__Task__:
What you return should be only the lines starting at the one that contains "Hello students, today" and running to the end of the listing, exactly as written, minus any pictures.

__Material to process__:
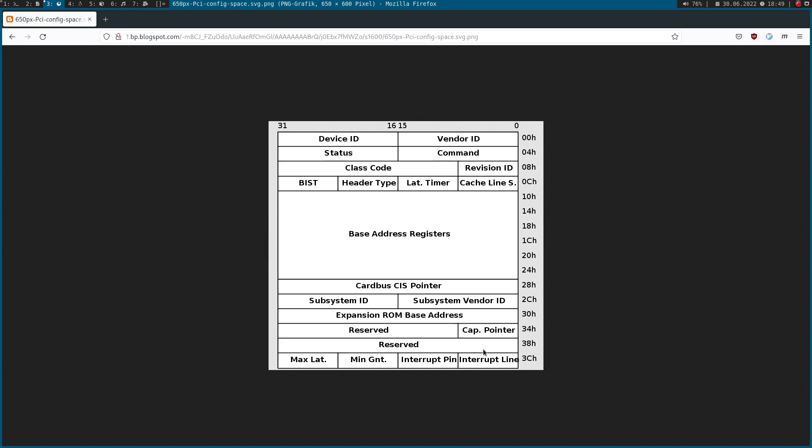Down here we have the capability pointer. Because only the first 64 bytes of the configuration space are standardized, after that we have the capabilities. This pointer points to 0 if we don't have any capabilities, or it points to an offset in the configuration space where we can find the capabilities.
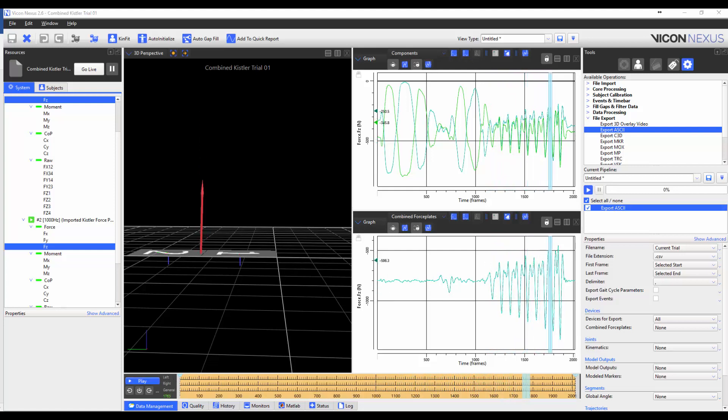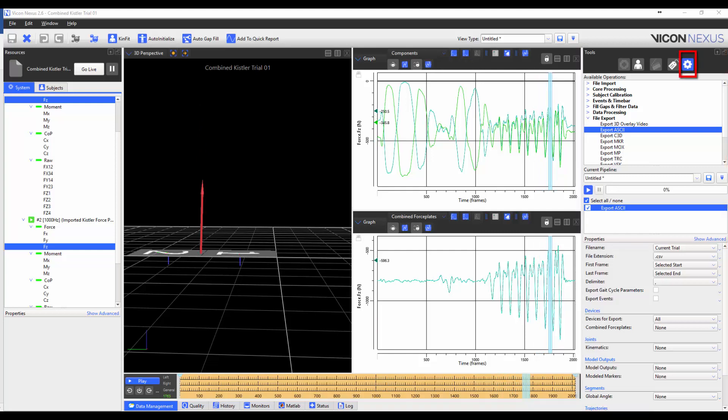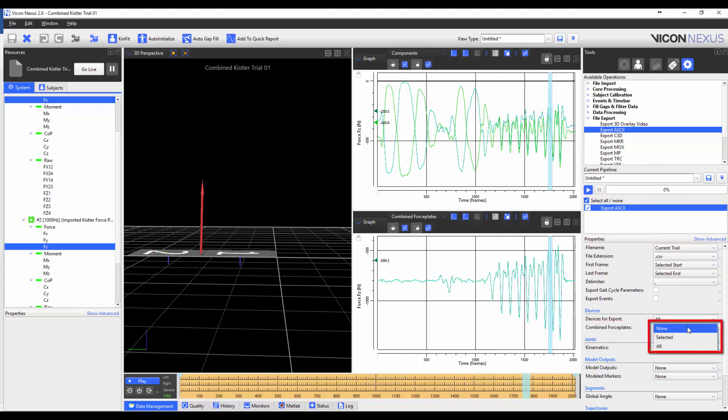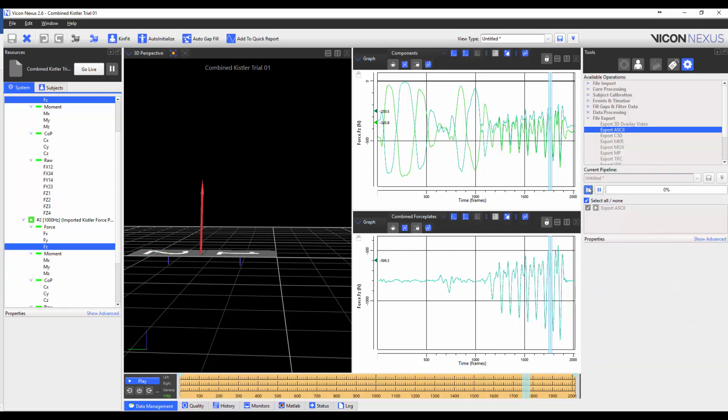You can also export the combined forces into an ASCII file by going to the Tools pane, Pipelines Operation tab. Loading the Export ASCII Pipelines operation into the current pipeline. Highlighting it. And in the Properties, either selecting Selected, or All. And then you can hit play to export it to an ASCII file.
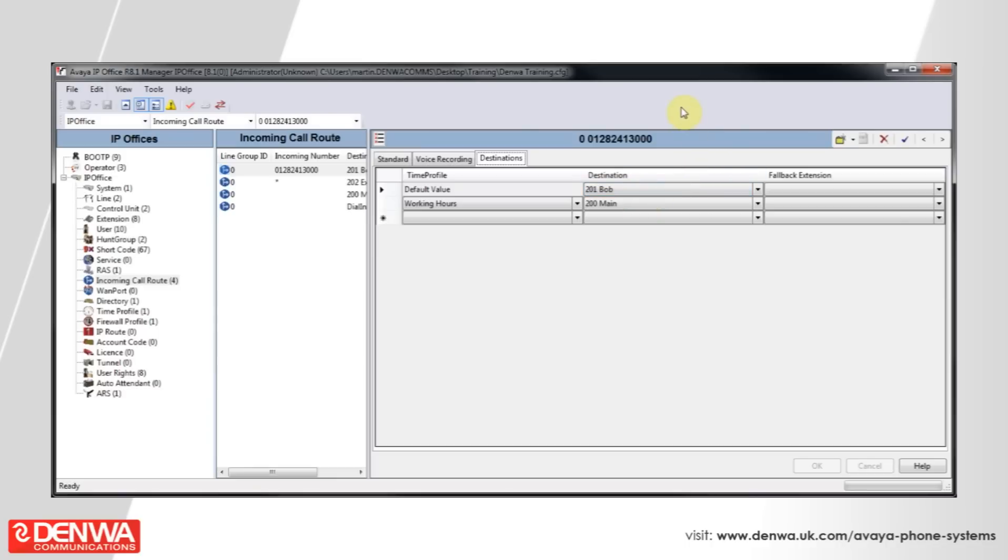This is an ordered list, but it works from the bottom upwards, unlike other phone systems that work from the top downwards. I hope you've enjoyed this quick tutorial on Time Profiles for the Avaya IP Office platform. However, if you have any further queries, then please feel free to contact us.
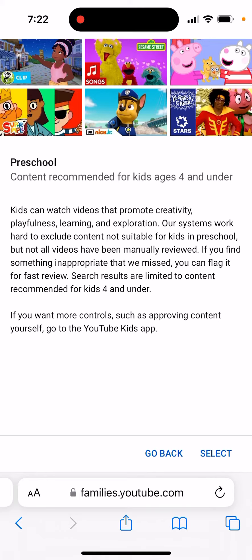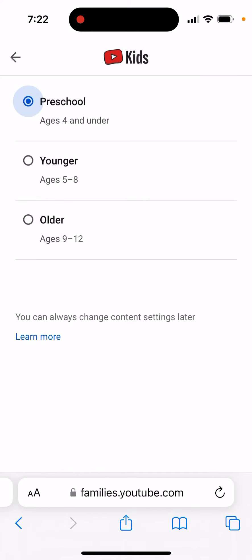For Preschool, search results are limited to content recommended for kids four and under. Kids can watch videos that promote creativity, playfulness, learning, and exploration. The system works hard to exclude content not suitable for preschool kids. You can also have more controls, such as approving content yourself, in the YouTube Kids app.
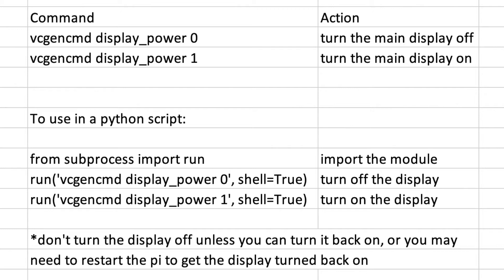It's really important to realize that if you turn the display off and you don't have a way of turning it back on, you're going to have to restart the Raspberry Pi to get it to work. And if you auto-run a script like this — maybe using the method I showed in a previous video — you're going to run into trouble if you turn the screen off automatically when the desktop boots and you don't have a way of turning it back on again.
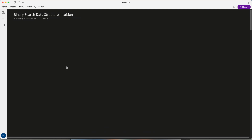Hey guys, Shreya here, and today in a short video I'll tell you my way of approaching binary search questions. I've been practicing a lot of questions recently, and binary search is definitely one of the important topics.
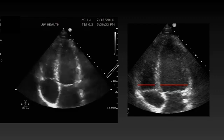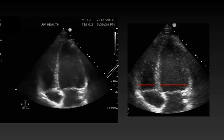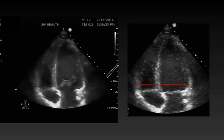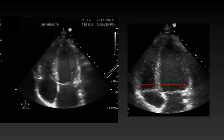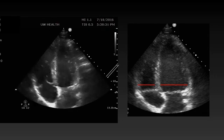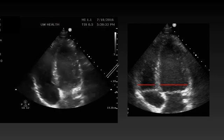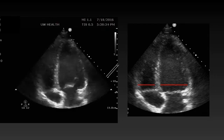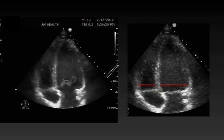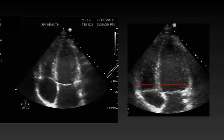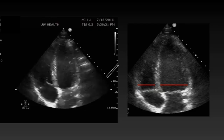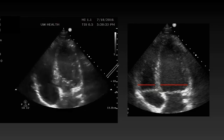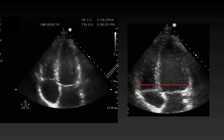The right ventricle should look like a triangle in most of the echo views and should be about one-third the size of the LV. The right ventricular free wall should move in towards the septum and longitudinally towards the apex in good function.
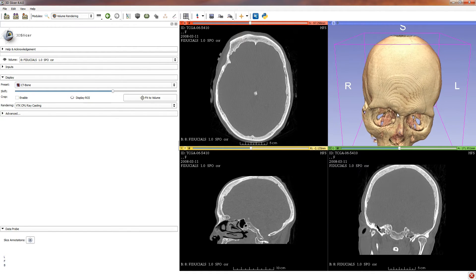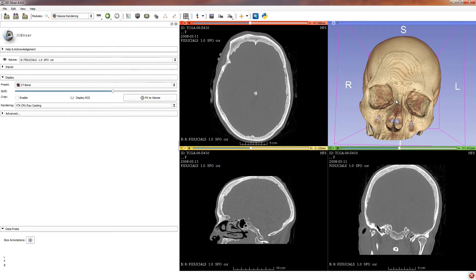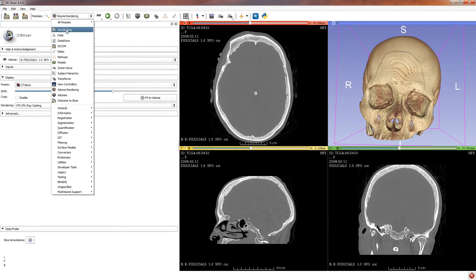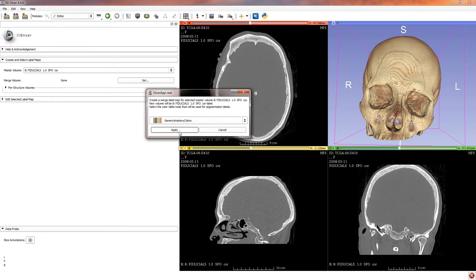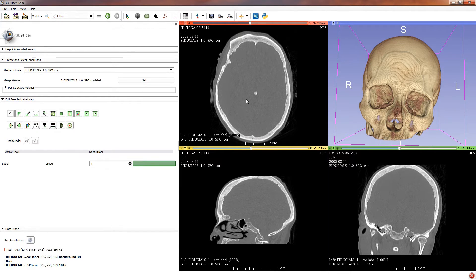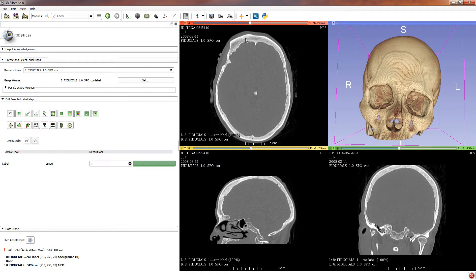Slide the slider to the right until everything looks appropriate. You can use the right mouse button to zoom in and the left mouse button to rotate your 3D render. Next, go to Editor — select editor from the modules dropdown. Generic anatomy colors is fine, just click apply. This will take you to the editor tool panel. What we're going to do is select the bone and create something called a label map. In a later step, that will tell Slicer to create a 3D surface model which we can export into the STL file format.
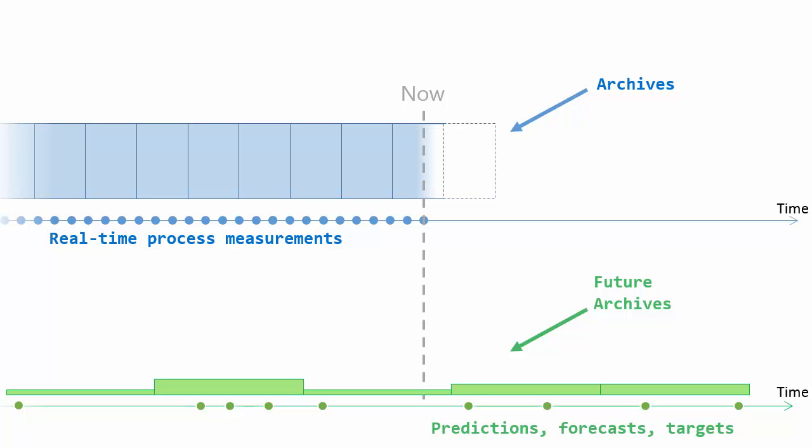They are dynamic to store as little or as much data as necessary. And to distinguish them, we call these future archives. And that just means that these are the archive files that we're going to be storing the predictions, forecast, targets that future data in. And to distinguish them from the original archive files, we're going to call the original archive files historical archives.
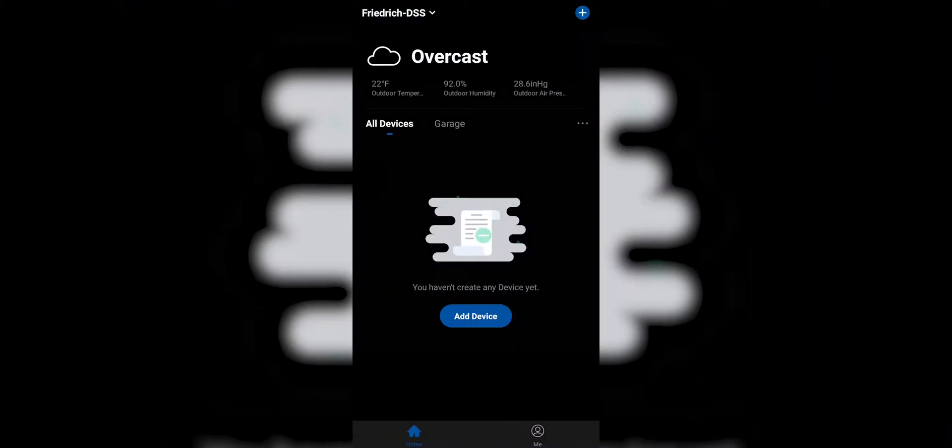Hello, Chris McGee here with Friedrich Air Conditioning Product Management. I just wanted to walk you through the steps to add a device to the Friedrich Go app.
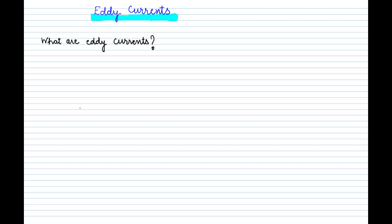Hello students, today we'll study about eddy currents. Eddy currents are basically currents but somewhat different. This is a very small topic but very important — you should learn it thoroughly because questions are asked on eddy currents in both numerical and theoretical form, and also in competitive exams. So it should be very clear in your mind what these eddy currents are.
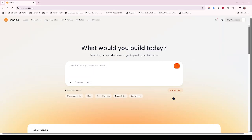In today's video, I'm going to teach you how to complete your app development in Base44 and successfully publish your app on the Google Play Store. Let's dive right in and ensure your app reaches users seamlessly.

__Exercise result__:
Hello students, today we'll study about eddy currents. Eddy currents are basically currents but somewhat different. This is a very small topic but very important — you should learn it thoroughly because questions are asked on eddy currents in both numerical and theoretical form, and also in competitive exams. So it should be very clear in your mind what these eddy currents are.
In today's video, I'm going to teach you how to complete your app development in Base44 and successfully publish your app on the Google Play Store. Let's dive right in and ensure your app reaches users seamlessly.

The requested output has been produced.